Over the last several years, rates of suicidal ideation (SI) and suicide attempts (SA) have increased in the US. While previous studies have found associations between social determinants of health and suicide, few have examined the intangible factors of those social determinants, including but not limited to economics, food, and environment.
In a study in Scientific Reports, Dr. Wenna Xi, instructor of population health sciences, and colleagues at Weill Cornell Medicine (WCM) and Columbia University studied the effects of social deprivation on risk factors for SI and SA among US youth and adults, after having a mental health or substance use disorder-related outpatient encounter.

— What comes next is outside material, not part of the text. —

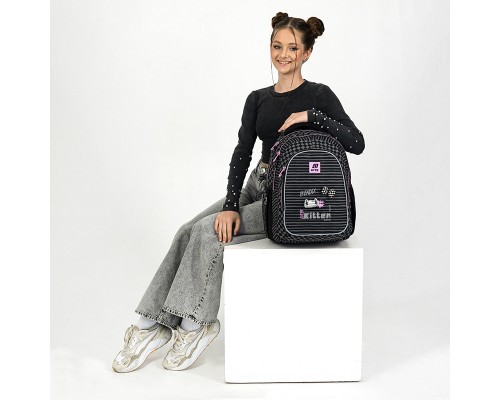 Рюкзак шкільний Kite Education teens 8001L-2 (K25-8001L-2)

Researchers utilized data on commercially insured individuals in the US under the age of 25 and between the ages of 25 and 64 to determine whether risks for SI and SA vary across a range of neighborhood-level social determinants of health, measured by the social deprivation index (SDI). SDI captures determinants including income, education, employment, housing, household characteristics, and transportation. Researchers also sought to evaluate whether neighborhood social deprivation modifies the effects of clinical and demographic risk factors for SI and SA.
Researchers found that neighborhood level social deprivation impacts the demographic and clinical risk factors of SI and SA differently among commercially insured youth and adults. SI and SA rates were consistently more prevalent among youth than adults with an outpatient mental health or substance use related encounter. Findings suggest that community-based suicide prevention for adults should target severely deprived neighborhoods, whereas intervention for youth should focus on those residing in neighborhoods with middle social deprivation level.